Provided records:

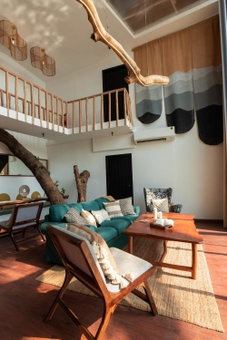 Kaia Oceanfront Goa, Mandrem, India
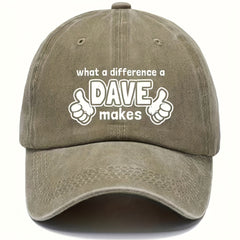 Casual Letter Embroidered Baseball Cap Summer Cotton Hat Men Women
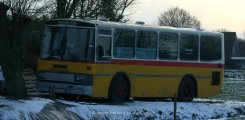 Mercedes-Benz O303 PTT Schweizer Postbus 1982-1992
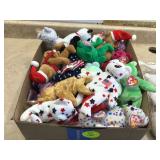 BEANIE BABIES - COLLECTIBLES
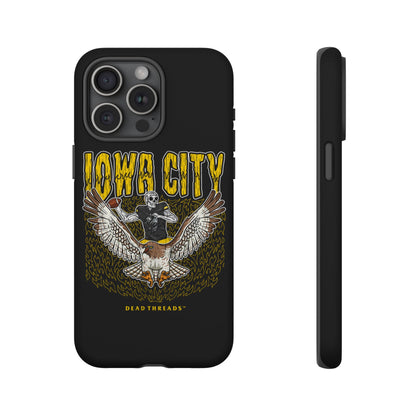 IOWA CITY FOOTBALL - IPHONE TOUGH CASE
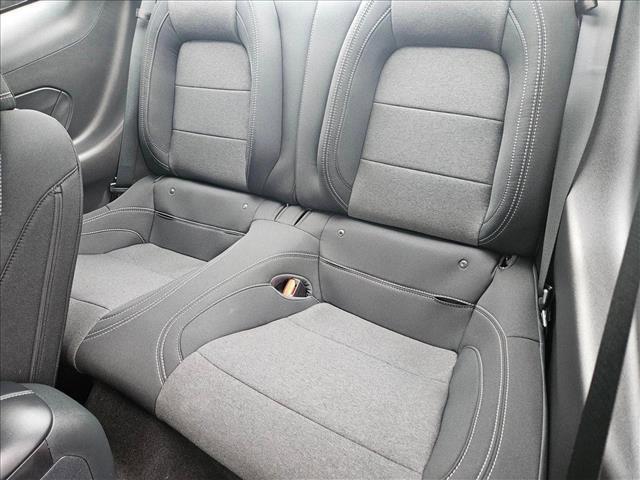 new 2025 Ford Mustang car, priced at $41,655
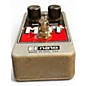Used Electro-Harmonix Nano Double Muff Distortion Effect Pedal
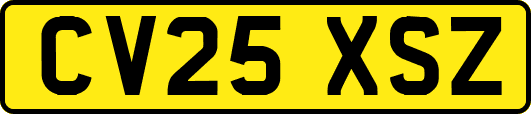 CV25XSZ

Directions:
Starting with the first line of the material above and ending with the line that holds "IOWA CITY FOOTBALL - IPHONE TOUGH CASE", write out those lines exactly, without pictures.

Reply:
 Kaia Oceanfront Goa, Mandrem, India
 Casual Letter Embroidered Baseball Cap Summer Cotton Hat Men Women
 Mercedes-Benz O303 PTT Schweizer Postbus 1982-1992
 BEANIE BABIES - COLLECTIBLES
 IOWA CITY FOOTBALL - IPHONE TOUGH CASE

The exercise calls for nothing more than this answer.